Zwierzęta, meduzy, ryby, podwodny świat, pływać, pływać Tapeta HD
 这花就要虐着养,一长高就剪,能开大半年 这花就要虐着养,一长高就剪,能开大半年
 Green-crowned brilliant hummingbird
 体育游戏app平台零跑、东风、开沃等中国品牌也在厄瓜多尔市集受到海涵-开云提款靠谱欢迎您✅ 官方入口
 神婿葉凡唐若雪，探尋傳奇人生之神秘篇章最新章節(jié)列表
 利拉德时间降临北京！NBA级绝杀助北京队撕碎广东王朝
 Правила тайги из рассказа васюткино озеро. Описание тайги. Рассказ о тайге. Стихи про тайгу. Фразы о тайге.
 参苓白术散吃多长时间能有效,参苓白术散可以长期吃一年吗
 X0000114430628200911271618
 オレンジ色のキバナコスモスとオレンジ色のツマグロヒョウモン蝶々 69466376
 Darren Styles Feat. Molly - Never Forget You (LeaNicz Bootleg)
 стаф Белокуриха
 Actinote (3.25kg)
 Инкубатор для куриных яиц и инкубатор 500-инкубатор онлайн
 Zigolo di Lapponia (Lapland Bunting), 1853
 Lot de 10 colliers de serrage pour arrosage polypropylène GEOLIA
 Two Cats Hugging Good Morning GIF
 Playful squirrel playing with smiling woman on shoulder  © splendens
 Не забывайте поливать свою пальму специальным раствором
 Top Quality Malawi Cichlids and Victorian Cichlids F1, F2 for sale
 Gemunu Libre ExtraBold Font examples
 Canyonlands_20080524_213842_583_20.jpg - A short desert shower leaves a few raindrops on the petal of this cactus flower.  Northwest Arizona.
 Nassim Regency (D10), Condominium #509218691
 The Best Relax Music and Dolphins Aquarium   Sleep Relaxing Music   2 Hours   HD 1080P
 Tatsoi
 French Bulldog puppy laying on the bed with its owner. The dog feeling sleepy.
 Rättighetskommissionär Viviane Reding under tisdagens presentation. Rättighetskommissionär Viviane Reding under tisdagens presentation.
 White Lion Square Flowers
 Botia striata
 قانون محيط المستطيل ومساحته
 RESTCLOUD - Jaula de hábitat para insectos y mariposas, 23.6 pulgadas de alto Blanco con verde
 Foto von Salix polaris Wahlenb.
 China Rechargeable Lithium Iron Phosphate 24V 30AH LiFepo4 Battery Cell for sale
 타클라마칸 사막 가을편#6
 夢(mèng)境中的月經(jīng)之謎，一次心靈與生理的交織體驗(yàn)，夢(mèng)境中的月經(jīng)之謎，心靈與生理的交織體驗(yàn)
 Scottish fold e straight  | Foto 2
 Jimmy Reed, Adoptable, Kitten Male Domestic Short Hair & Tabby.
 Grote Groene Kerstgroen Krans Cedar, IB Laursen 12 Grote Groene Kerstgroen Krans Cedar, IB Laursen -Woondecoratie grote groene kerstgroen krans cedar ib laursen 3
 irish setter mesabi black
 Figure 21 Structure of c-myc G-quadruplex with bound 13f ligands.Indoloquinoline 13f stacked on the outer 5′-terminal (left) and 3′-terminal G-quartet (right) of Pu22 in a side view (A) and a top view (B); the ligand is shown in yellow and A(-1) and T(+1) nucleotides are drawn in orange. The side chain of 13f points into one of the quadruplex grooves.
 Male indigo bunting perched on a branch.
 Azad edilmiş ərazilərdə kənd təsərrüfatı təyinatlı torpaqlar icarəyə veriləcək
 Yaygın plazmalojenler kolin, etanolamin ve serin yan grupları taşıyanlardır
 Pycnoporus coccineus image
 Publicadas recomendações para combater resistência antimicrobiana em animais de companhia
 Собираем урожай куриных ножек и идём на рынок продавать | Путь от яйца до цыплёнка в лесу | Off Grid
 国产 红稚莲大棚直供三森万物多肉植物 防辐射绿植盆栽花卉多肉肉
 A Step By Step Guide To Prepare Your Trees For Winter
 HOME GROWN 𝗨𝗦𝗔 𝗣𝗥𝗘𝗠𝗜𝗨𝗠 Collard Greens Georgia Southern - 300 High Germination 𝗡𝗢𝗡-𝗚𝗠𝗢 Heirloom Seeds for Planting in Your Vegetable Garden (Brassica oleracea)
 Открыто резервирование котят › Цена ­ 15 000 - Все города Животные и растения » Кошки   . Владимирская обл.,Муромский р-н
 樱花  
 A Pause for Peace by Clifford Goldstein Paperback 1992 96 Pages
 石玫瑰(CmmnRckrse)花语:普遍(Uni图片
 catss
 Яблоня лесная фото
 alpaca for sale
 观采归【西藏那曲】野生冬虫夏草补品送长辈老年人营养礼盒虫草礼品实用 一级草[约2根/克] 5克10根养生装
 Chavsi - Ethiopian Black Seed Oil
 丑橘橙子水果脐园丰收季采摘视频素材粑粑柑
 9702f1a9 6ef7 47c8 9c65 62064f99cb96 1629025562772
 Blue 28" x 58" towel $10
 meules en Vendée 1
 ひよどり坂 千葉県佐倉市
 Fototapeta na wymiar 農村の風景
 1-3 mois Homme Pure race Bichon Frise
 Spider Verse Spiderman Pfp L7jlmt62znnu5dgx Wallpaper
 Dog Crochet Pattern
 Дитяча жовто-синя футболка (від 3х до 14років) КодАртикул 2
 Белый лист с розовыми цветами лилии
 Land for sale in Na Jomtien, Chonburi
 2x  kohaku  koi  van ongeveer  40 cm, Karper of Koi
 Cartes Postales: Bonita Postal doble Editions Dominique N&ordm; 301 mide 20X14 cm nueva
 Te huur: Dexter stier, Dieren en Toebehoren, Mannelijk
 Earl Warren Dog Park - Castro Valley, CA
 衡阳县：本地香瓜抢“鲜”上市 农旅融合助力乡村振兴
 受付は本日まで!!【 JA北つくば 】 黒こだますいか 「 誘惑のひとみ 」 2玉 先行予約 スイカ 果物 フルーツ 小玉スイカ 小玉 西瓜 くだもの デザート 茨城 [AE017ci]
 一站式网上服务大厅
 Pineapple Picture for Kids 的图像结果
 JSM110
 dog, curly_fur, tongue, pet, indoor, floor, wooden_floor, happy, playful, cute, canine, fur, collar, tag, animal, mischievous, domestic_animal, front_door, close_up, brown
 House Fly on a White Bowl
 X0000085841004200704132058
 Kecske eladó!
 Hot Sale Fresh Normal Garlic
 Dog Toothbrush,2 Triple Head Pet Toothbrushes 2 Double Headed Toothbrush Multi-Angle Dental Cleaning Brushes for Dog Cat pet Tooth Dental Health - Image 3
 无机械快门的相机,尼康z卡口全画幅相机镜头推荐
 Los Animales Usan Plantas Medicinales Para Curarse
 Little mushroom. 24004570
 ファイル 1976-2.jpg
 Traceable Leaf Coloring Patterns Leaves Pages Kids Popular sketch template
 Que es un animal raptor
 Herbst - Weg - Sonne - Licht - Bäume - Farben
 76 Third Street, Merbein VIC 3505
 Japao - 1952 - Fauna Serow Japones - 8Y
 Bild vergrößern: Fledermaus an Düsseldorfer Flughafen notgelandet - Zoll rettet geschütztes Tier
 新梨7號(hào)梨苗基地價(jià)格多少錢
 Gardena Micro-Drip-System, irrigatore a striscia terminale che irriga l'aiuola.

·····

_EXERCISE DETAILS_.
Transcribe the listing in full, keeping every line exact.

_RESPONSE TO THE EXERCISE_.
Zwierzęta, meduzy, ryby, podwodny świat, pływać, pływać Tapeta HD
 这花就要虐着养,一长高就剪,能开大半年 这花就要虐着养,一长高就剪,能开大半年
 Green-crowned brilliant hummingbird
 体育游戏app平台零跑、东风、开沃等中国品牌也在厄瓜多尔市集受到海涵-开云提款靠谱欢迎您✅ 官方入口
 神婿葉凡唐若雪，探尋傳奇人生之神秘篇章最新章節(jié)列表
 利拉德时间降临北京！NBA级绝杀助北京队撕碎广东王朝
 Правила тайги из рассказа васюткино озеро. Описание тайги. Рассказ о тайге. Стихи про тайгу. Фразы о тайге.
 参苓白术散吃多长时间能有效,参苓白术散可以长期吃一年吗
 X0000114430628200911271618
 オレンジ色のキバナコスモスとオレンジ色のツマグロヒョウモン蝶々 69466376
 Darren Styles Feat. Molly - Never Forget You (LeaNicz Bootleg)
 стаф Белокуриха
 Actinote (3.25kg)
 Инкубатор для куриных яиц и инкубатор 500-инкубатор онлайн
 Zigolo di Lapponia (Lapland Bunting), 1853
 Lot de 10 colliers de serrage pour arrosage polypropylène GEOLIA
 Two Cats Hugging Good Morning GIF
 Playful squirrel playing with smiling woman on shoulder  © splendens
 Не забывайте поливать свою пальму специальным раствором
 Top Quality Malawi Cichlids and Victorian Cichlids F1, F2 for sale
 Gemunu Libre ExtraBold Font examples
 Canyonlands_20080524_213842_583_20.jpg - A short desert shower leaves a few raindrops on the petal of this cactus flower.  Northwest Arizona.
 Nassim Regency (D10), Condominium #509218691
 The Best Relax Music and Dolphins Aquarium   Sleep Relaxing Music   2 Hours   HD 1080P
 Tatsoi
 French Bulldog puppy laying on the bed with its owner. The dog feeling sleepy.
 Rättighetskommissionär Viviane Reding under tisdagens presentation. Rättighetskommissionär Viviane Reding under tisdagens presentation.
 White Lion Square Flowers
 Botia striata
 قانون محيط المستطيل ومساحته
 RESTCLOUD - Jaula de hábitat para insectos y mariposas, 23.6 pulgadas de alto Blanco con verde
 Foto von Salix polaris Wahlenb.
 China Rechargeable Lithium Iron Phosphate 24V 30AH LiFepo4 Battery Cell for sale
 타클라마칸 사막 가을편#6
 夢(mèng)境中的月經(jīng)之謎，一次心靈與生理的交織體驗(yàn)，夢(mèng)境中的月經(jīng)之謎，心靈與生理的交織體驗(yàn)
 Scottish fold e straight  | Foto 2
 Jimmy Reed, Adoptable, Kitten Male Domestic Short Hair & Tabby.
 Grote Groene Kerstgroen Krans Cedar, IB Laursen 12 Grote Groene Kerstgroen Krans Cedar, IB Laursen -Woondecoratie grote groene kerstgroen krans cedar ib laursen 3
 irish setter mesabi black
 Figure 21 Structure of c-myc G-quadruplex with bound 13f ligands.Indoloquinoline 13f stacked on the outer 5′-terminal (left) and 3′-terminal G-quartet (right) of Pu22 in a side view (A) and a top view (B); the ligand is shown in yellow and A(-1) and T(+1) nucleotides are drawn in orange. The side chain of 13f points into one of the quadruplex grooves.
 Male indigo bunting perched on a branch.
 Azad edilmiş ərazilərdə kənd təsərrüfatı təyinatlı torpaqlar icarəyə veriləcək
 Yaygın plazmalojenler kolin, etanolamin ve serin yan grupları taşıyanlardır
 Pycnoporus coccineus image
 Publicadas recomendações para combater resistência antimicrobiana em animais de companhia
 Собираем урожай куриных ножек и идём на рынок продавать | Путь от яйца до цыплёнка в лесу | Off Grid
 国产 红稚莲大棚直供三森万物多肉植物 防辐射绿植盆栽花卉多肉肉
 A Step By Step Guide To Prepare Your Trees For Winter
 HOME GROWN 𝗨𝗦𝗔 𝗣𝗥𝗘𝗠𝗜𝗨𝗠 Collard Greens Georgia Southern - 300 High Germination 𝗡𝗢𝗡-𝗚𝗠𝗢 Heirloom Seeds for Planting in Your Vegetable Garden (Brassica oleracea)
 Открыто резервирование котят › Цена ­ 15 000 - Все города Животные и растения » Кошки   . Владимирская обл.,Муромский р-н
 樱花  
 A Pause for Peace by Clifford Goldstein Paperback 1992 96 Pages
 石玫瑰(CmmnRckrse)花语:普遍(Uni图片
 catss
 Яблоня лесная фото
 alpaca for sale
 观采归【西藏那曲】野生冬虫夏草补品送长辈老年人营养礼盒虫草礼品实用 一级草[约2根/克] 5克10根养生装
 Chavsi - Ethiopian Black Seed Oil
 丑橘橙子水果脐园丰收季采摘视频素材粑粑柑
 9702f1a9 6ef7 47c8 9c65 62064f99cb96 1629025562772
 Blue 28" x 58" towel $10
 meules en Vendée 1
 ひよどり坂 千葉県佐倉市
 Fototapeta na wymiar 農村の風景
 1-3 mois Homme Pure race Bichon Frise
 Spider Verse Spiderman Pfp L7jlmt62znnu5dgx Wallpaper
 Dog Crochet Pattern
 Дитяча жовто-синя футболка (від 3х до 14років) КодАртикул 2
 Белый лист с розовыми цветами лилии
 Land for sale in Na Jomtien, Chonburi
 2x  kohaku  koi  van ongeveer  40 cm, Karper of Koi
 Cartes Postales: Bonita Postal doble Editions Dominique N&ordm; 301 mide 20X14 cm nueva
 Te huur: Dexter stier, Dieren en Toebehoren, Mannelijk
 Earl Warren Dog Park - Castro Valley, CA
 衡阳县：本地香瓜抢“鲜”上市 农旅融合助力乡村振兴
 受付は本日まで!!【 JA北つくば 】 黒こだますいか 「 誘惑のひとみ 」 2玉 先行予約 スイカ 果物 フルーツ 小玉スイカ 小玉 西瓜 くだもの デザート 茨城 [AE017ci]
 一站式网上服务大厅
 Pineapple Picture for Kids 的图像结果
 JSM110
 dog, curly_fur, tongue, pet, indoor, floor, wooden_floor, happy, playful, cute, canine, fur, collar, tag, animal, mischievous, domestic_animal, front_door, close_up, brown
 House Fly on a White Bowl
 X0000085841004200704132058
 Kecske eladó!
 Hot Sale Fresh Normal Garlic
 Dog Toothbrush,2 Triple Head Pet Toothbrushes 2 Double Headed Toothbrush Multi-Angle Dental Cleaning Brushes for Dog Cat pet Tooth Dental Health - Image 3
 无机械快门的相机,尼康z卡口全画幅相机镜头推荐
 Los Animales Usan Plantas Medicinales Para Curarse
 Little mushroom. 24004570
 ファイル 1976-2.jpg
 Traceable Leaf Coloring Patterns Leaves Pages Kids Popular sketch template
 Que es un animal raptor
 Herbst - Weg - Sonne - Licht - Bäume - Farben
 76 Third Street, Merbein VIC 3505
 Japao - 1952 - Fauna Serow Japones - 8Y
 Bild vergrößern: Fledermaus an Düsseldorfer Flughafen notgelandet - Zoll rettet geschütztes Tier
 新梨7號(hào)梨苗基地價(jià)格多少錢
 Gardena Micro-Drip-System, irrigatore a striscia terminale che irriga l'aiuola.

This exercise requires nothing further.